Please note: this document is about a work-in-progess to develop a program to load CSV files into a database. I'm documenting a program I'm writing before I've written the code. Things may change! There is a FAQ containing random questions about the project. This document is partly a specification.
****** THE AUTHOR OF THESE PROGRAMS ACCEPTS NO RESPONSIBLITY FOR ANY LOSS OF DATA HOWSOEVER CAUSED. ******
This Python3 script loads csv files downloaded from British banks into a Sqlite3 database.
Windows or macOS or Linux or *BSD. Any system that can run Python3 and sqlite3
Python 3, preferably a reasonably recent version. It is available already installed on recent versions of macOS. For Linux it can be installed using apt-get, or the equivalent program on other installations of Linux. Python 2 will NOT work.
Python3 is available from www.python.org
sqlite3. This is an SQL database manager. It may already be on a macOS system. On Linux it can be installed as above.
sqlite3 can be obtained from www.sqlite.org
(Optional), a spreadsheet program such as Excel or Numbers.
tload.py is a test program that will create a database from a CSV file. It has been tested on CSVs from Natwest.
tload.py can be obtained from Github. Click on the "Latest" button under Releases on the right-hand side. You can also clone the repository with git.
Extract the files from the zip or tar.
Create an empty directory. Copy tload.py into it. Copy a CSV file into it and rename it to "testme.csv"
Run the python script with "python3 tload.py"
The database will be named "trans.db"
Here's a sample configuration file. It's in JSON. Hopefully, it's not too intimidating for a novice user to edit.
It defines the configuration for two users named "bart" and "homer"
{
"bart": {
"account_number": "50128900",
"account_sort_code": "71-72-03",
"account_type": "current",
"account_name": "SIMPSON-B",
"csv_filename_contains_account_number": true,
"csv_format": ["nationwide","nationwide-2"],
"database_filename": "bart.db"
},
"homer": {
"account_number": "60123422",
"account_sort_code": "22-40-77",
"account_type": "saving",
"account_name": "SIMPSONH",
"csv_filename_contains_account_number": false,
"csv_format": ["starling"],
"database_filename": "homer.db"
}
}
(from Wikipedia) Comma-separated values (CSV) is a plain text data format for storing tabular data where the fields (values) of a record are separated by a comma and each record is a line (i.e. newline separated). CSV is commonly-used in software that generally deals with tabular data such as a database or a spreadsheet. Benefits cited for using CSV include simplicity of use and human readability. CSV is a form of delimiter-separated values. A CSV file is a file that contains CSV-formatted data.

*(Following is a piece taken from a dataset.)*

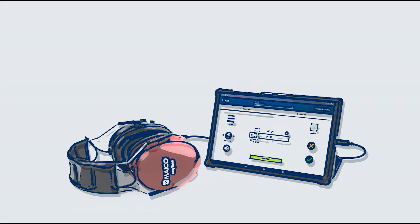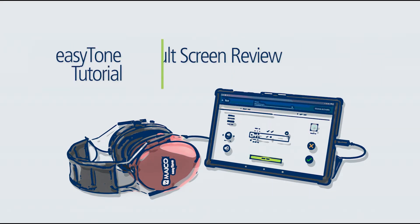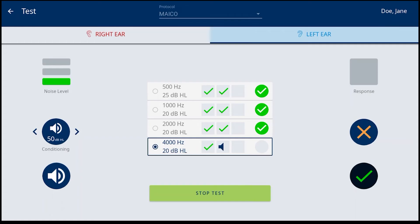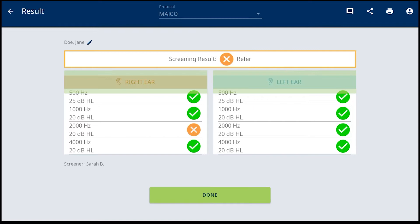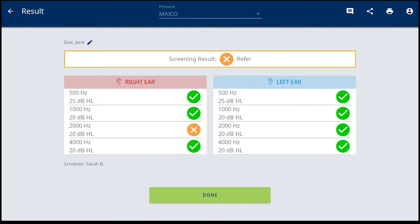This tutorial is to review the result screen operation. When the hearing screening has been completed, the EZtone app will immediately move to the result screen. The overall result, as defined by the protocol, is displayed at the top of the screen with individual ear and frequency results provided below.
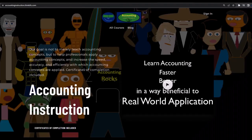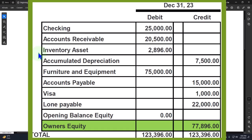If you'd like a commercial-free experience, consider subscribing to our website at accountinginstruction.com or accountinginstruction.thinkific.com. We would also need the items of inventory, the accounts receivable needing the sub-ledger for the customers, and the accounts payable needing a sub-ledger for the vendors, and so on.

Banks provide downloadable CSV files as an additional method of giving their customer information about the transactions in their account.
The customer can then import the CSV files into their spreadsheets and/or databases.
There does not appear to be one. The format of the date value can be "02/01/2026" or "02 Jan 2026". Neither of these formats is collatable in a meaingful order in a database or spreadsheet column. The transactions can be in ascending or descending date order. The amount of a transaction can be in two columns for "Paid Out" and "Paid In" or one column labelled "Amount" with a signed number.
Sometimes numerical values are preceded by a £ sign. Sometimes the account number is present in a column, and sometimes it's not.
None of the banks I've seen so far give any indication of the order of transactions within a particular day. This makes it hard to sort the transactions to determine if there is an inconsistency or missing transactions.
Sometimes the transaction type is described in detail, and other times a 3 letter abbreviation is used. See this document from Natwest for a list of the abbreviations they use.
It's a complete mess!
Natwest allow up to 1 years worth in a single file. The transactions are only available for the last seven years. Multiple files can be downloaded in one session logged in to the website.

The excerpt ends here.